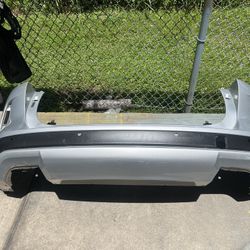 2019-2024 Infiniti QX50 Rear Bumper Used Oem 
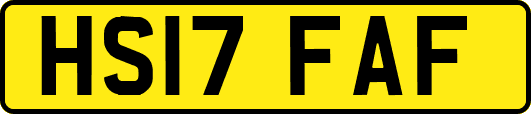 HS17FAF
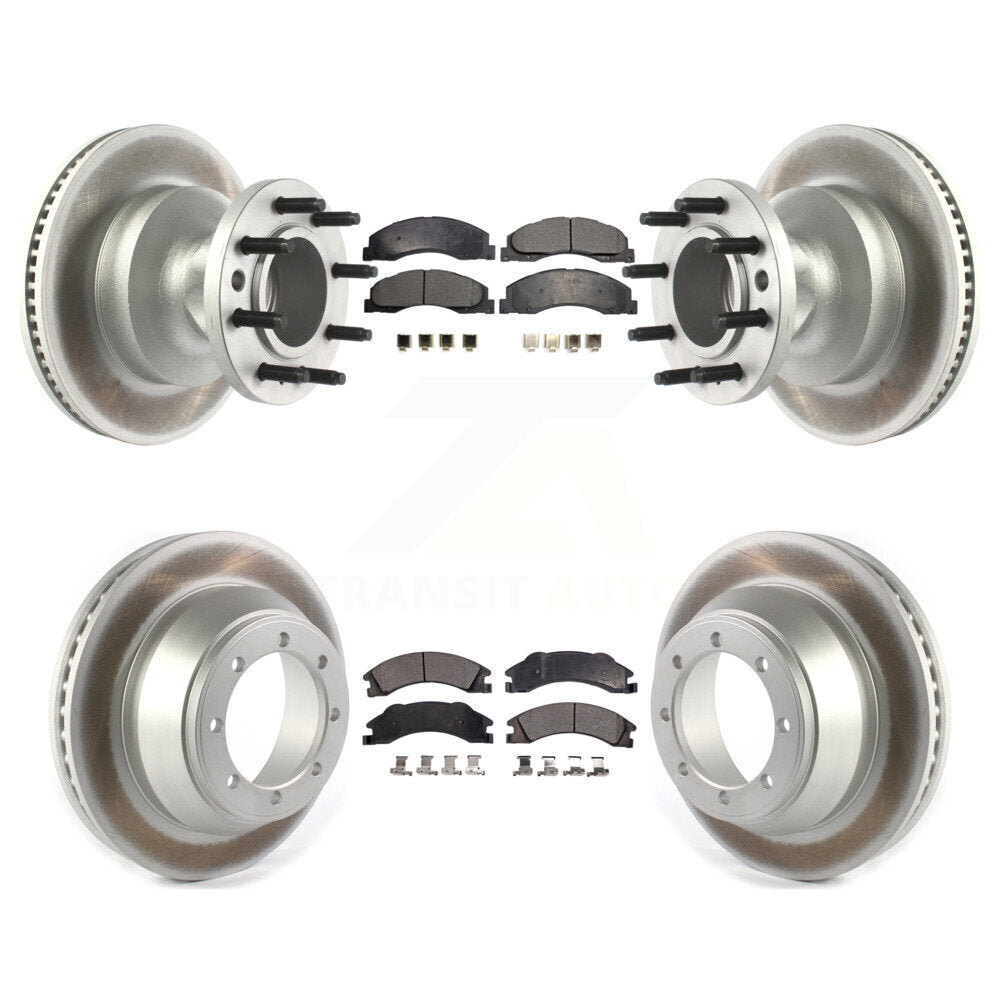 Disc Rotors and Ceramic Brake Pads Kit-KGT-102346 - Kit.bestparts.ca
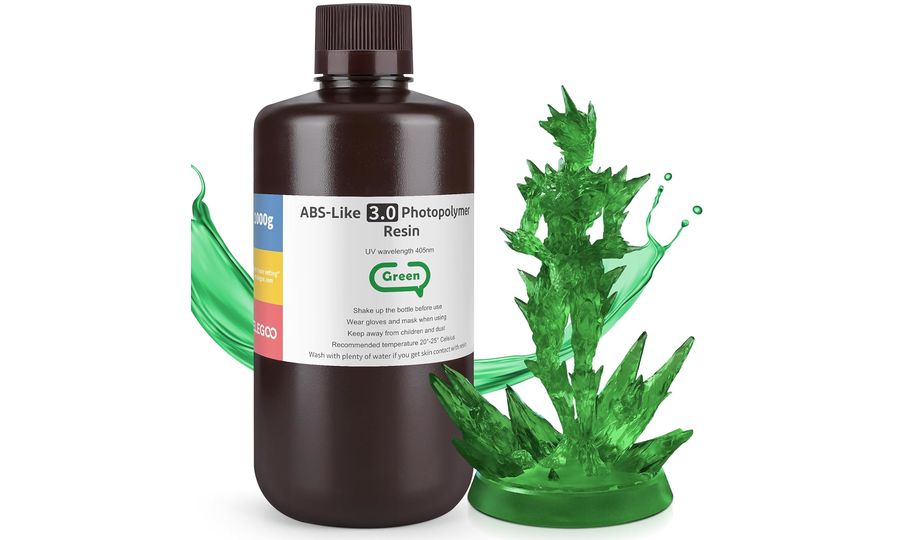 ELEGOO ABS-like Resin V3.0 1KG, Green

* * * * *

Exercise requirements:
Leave out the pictures, and write out all the remaining data above exactly.

Response to the task:
 2019-2024 Infiniti QX50 Rear Bumper Used Oem 
 HS17FAF
 Disc Rotors and Ceramic Brake Pads Kit-KGT-102346 - Kit.bestparts.ca
 ELEGOO ABS-like Resin V3.0 1KG, Green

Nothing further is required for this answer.